PROBLEM DETAILS => The records below are to be quoted in full; please keep every word exact.

Collected data =>
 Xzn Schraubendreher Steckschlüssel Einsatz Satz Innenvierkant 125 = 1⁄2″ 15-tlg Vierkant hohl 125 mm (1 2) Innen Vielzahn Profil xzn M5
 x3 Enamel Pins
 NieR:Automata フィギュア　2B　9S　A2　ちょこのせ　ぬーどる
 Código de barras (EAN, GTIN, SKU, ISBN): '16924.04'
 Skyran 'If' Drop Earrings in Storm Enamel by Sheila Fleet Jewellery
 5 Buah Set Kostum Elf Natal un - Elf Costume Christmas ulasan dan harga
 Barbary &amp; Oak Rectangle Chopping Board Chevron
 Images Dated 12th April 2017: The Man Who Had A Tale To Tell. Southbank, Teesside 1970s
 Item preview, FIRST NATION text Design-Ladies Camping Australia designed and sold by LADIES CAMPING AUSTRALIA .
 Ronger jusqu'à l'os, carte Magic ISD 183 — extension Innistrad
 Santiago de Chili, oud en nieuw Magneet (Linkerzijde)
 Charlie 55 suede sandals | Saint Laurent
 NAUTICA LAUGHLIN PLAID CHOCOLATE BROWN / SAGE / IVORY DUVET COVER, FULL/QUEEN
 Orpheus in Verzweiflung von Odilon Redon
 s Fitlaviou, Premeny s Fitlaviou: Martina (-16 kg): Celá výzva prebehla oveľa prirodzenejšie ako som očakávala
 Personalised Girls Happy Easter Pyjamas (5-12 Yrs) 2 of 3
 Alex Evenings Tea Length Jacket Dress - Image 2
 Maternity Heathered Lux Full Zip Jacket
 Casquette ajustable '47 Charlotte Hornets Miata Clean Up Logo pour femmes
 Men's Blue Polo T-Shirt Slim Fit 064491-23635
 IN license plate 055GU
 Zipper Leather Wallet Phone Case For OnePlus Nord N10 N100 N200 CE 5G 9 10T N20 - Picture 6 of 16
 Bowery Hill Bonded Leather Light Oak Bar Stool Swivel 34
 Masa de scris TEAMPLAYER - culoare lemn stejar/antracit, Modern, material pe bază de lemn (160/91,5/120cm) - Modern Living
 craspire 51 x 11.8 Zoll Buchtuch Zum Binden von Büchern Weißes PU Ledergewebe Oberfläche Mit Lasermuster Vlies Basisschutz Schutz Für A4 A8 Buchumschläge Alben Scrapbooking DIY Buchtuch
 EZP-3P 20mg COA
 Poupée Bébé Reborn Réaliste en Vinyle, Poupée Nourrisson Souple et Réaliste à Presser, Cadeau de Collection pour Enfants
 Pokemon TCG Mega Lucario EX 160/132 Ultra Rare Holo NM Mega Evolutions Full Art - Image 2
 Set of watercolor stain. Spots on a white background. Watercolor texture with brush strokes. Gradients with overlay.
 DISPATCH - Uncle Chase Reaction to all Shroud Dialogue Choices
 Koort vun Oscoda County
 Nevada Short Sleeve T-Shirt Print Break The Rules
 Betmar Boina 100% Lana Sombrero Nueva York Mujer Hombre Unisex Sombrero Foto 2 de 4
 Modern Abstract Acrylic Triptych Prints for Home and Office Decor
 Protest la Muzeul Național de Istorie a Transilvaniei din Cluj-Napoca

RESPONSE TO THE TASK =>
 Xzn Schraubendreher Steckschlüssel Einsatz Satz Innenvierkant 125 = 1⁄2″ 15-tlg Vierkant hohl 125 mm (1 2) Innen Vielzahn Profil xzn M5
 x3 Enamel Pins
 NieR:Automata フィギュア　2B　9S　A2　ちょこのせ　ぬーどる
 Código de barras (EAN, GTIN, SKU, ISBN): '16924.04'
 Skyran 'If' Drop Earrings in Storm Enamel by Sheila Fleet Jewellery
 5 Buah Set Kostum Elf Natal un - Elf Costume Christmas ulasan dan harga
 Barbary &amp; Oak Rectangle Chopping Board Chevron
 Images Dated 12th April 2017: The Man Who Had A Tale To Tell. Southbank, Teesside 1970s
 Item preview, FIRST NATION text Design-Ladies Camping Australia designed and sold by LADIES CAMPING AUSTRALIA .
 Ronger jusqu'à l'os, carte Magic ISD 183 — extension Innistrad
 Santiago de Chili, oud en nieuw Magneet (Linkerzijde)
 Charlie 55 suede sandals | Saint Laurent
 NAUTICA LAUGHLIN PLAID CHOCOLATE BROWN / SAGE / IVORY DUVET COVER, FULL/QUEEN
 Orpheus in Verzweiflung von Odilon Redon
 s Fitlaviou, Premeny s Fitlaviou: Martina (-16 kg): Celá výzva prebehla oveľa prirodzenejšie ako som očakávala
 Personalised Girls Happy Easter Pyjamas (5-12 Yrs) 2 of 3
 Alex Evenings Tea Length Jacket Dress - Image 2
 Maternity Heathered Lux Full Zip Jacket
 Casquette ajustable '47 Charlotte Hornets Miata Clean Up Logo pour femmes
 Men's Blue Polo T-Shirt Slim Fit 064491-23635
 IN license plate 055GU
 Zipper Leather Wallet Phone Case For OnePlus Nord N10 N100 N200 CE 5G 9 10T N20 - Picture 6 of 16
 Bowery Hill Bonded Leather Light Oak Bar Stool Swivel 34
 Masa de scris TEAMPLAYER - culoare lemn stejar/antracit, Modern, material pe bază de lemn (160/91,5/120cm) - Modern Living
 craspire 51 x 11.8 Zoll Buchtuch Zum Binden von Büchern Weißes PU Ledergewebe Oberfläche Mit Lasermuster Vlies Basisschutz Schutz Für A4 A8 Buchumschläge Alben Scrapbooking DIY Buchtuch
 EZP-3P 20mg COA
 Poupée Bébé Reborn Réaliste en Vinyle, Poupée Nourrisson Souple et Réaliste à Presser, Cadeau de Collection pour Enfants
 Pokemon TCG Mega Lucario EX 160/132 Ultra Rare Holo NM Mega Evolutions Full Art - Image 2
 Set of watercolor stain. Spots on a white background. Watercolor texture with brush strokes. Gradients with overlay.
 DISPATCH - Uncle Chase Reaction to all Shroud Dialogue Choices
 Koort vun Oscoda County
 Nevada Short Sleeve T-Shirt Print Break The Rules
 Betmar Boina 100% Lana Sombrero Nueva York Mujer Hombre Unisex Sombrero Foto 2 de 4
 Modern Abstract Acrylic Triptych Prints for Home and Office Decor
 Protest la Muzeul Național de Istorie a Transilvaniei din Cluj-Napoca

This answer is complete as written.